Mientras que aquella se centraba en la preparación de la boda y sobre todo en la despedida de soltera de la futura esposa, en “Una boda de muerte” es la celebración de la propia boda el foco de atención de la trama; una boda que se convierte en un auténtico desmadre después de que la noche anterior a la misma al novio y a sus amigos se les vaya de la mano la despedida de soltero.

Pero la semilla del desastre se germina unas horas antes, cuando Tom decide comprarle algo de droga a un traficante local. A partir de ahí y de la borrachera de la noche previa a la boda, todo empezará a torcerse. Una celebración planificada a lo grande, con todo lujo de detalles y con unos invitados selectos se convertirá en un caos por culpa de tres tíos, los amigos del novio, un poco pasados de vueltas.



Luke está deprimido o, mejor dicho, totalmente hundido porque su novia le ha dejado y ahora está con otro tío, así que se pasa toda la boda dándole a la botella y llamando desconsoladamente a su ex para hundirse aún más en su propia miseria. Con un padrino así, la cosa no puede funcionar bien. Pero todo se complica si a ello sumamos a Tom (Kris Marshall) y su absoluta despreocupación por la boda. Tom no termina de convencerle que su mejor amigo se case con una chica a la que apenas conoce, por lo que de manera consciente e inconsciente (según la ocasión) sabotea la ceremonia con sus desastrosas ocurrencias.

En cuanto a Graham (Kevin Bishop), sus propias extravagancias ya son suficiente motivo de queja, pero si a eso añadimos el factor “droga”, la cosa puede ponerse mucho peor. Y de hecho, se pone mal, muy mal.

La boda se convierte en una continua sucesión de calamidades que avergüenzan constantemente a un impotente David. Con semejante percal no es de extrañar que las reticencias de su yerno vayan en aumento y que a Mia se le vaya agotando la paciencia por momentos. Y a todo esto… ¿qué hay de la madre de susodicha? Pues SPOILER-- desatada totalmente y divirtiéndose de lo lindo a base alcohol y coca --FIN SPOILER.

El caos que el guionista desata busca desesperadamente el humor gamberro y no se puede negar que en ocasiones logra crear situaciones bastante divertidas.
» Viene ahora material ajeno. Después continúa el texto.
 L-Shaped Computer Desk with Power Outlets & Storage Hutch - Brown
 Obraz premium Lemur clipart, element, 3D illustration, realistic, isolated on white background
Algunos gags son mejores que otros (el momento en el que el ornamento floral arrasa con los invitados no tiene desperdicio); los hay que son más predecibles (el momento del vídeo humillante se veía venir desde el principio) y, definitivamente, hay momentos que resultan de muy mal gusto por culpa de la –por desgracia- imprescindible escatología. Claro que esto último parece entusiasmar al público, habida cuenta del tipo de comedias que suelen arrasar en taquilla (la propia “La boda de mi mejor amiga” contenía uno de los gags escatológicos más infames del pasado año, y productos como “Fuga de cerebros” encuentran fácilmente quién le ría las gracias), así que no creo que estas situaciones disgusten tanto al espectador común como me disgustan a mí (será que con la edad me he vuelto más “exquisito”)
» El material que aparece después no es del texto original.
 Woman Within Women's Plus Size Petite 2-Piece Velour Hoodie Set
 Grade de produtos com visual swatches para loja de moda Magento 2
Y es que aunque estemos hablando de una coproducción entre Australia y Reino Unido, aquí poco se percibe del humor tan típicamente inglés. La sutileza brilla por su ausencia y aunque surjan de vez en cuando diálogos más o menos inspirados (las pullas a las costumbres australianas y a su pasado bélico), en general se trata de un humor más propio de las comedias americanas y muy en consonancia con producciones como “Resacón en Las Vegas”.

Por tanto, “Una boda de muerte” es una opción que bien vale para echarse unas risas con los colegas mientras se disfruta de la desgracia ajena y de las locuras que van sucediéndose a lo largo de poco más de hora y media (que es básicamente lo que debería durar toda comedia que se precie, sea mejor o peor que ésta). Quizás lo mejor de todo sea el reparto formado por ingleses y australianos, y de entre los que destacaría Kris Marshall, que repite jugada tras “Un funeral de muerte”, y Kevin Bishop, actor de trayectoria mayormente televisiva. Además, cabe hacer una mención especial a una casi irreconocible Olivia Newton-John (la cirugía plástica, un terrible enemigo de Hollywood…) en uno de esos papeles que por norma general suelen quedarse en una breve aparición estelar y que aquí, sin embargo, se le saca bastante jugo dejando que la actriz explote se vena más desenfadada. Quizás sólo por eso ya merezca la pena echarle un vistazo a la película.


Lo mejor: que te echas algunas risas.


Lo peor: que toda comedia sucumba siempre al gag escatológico.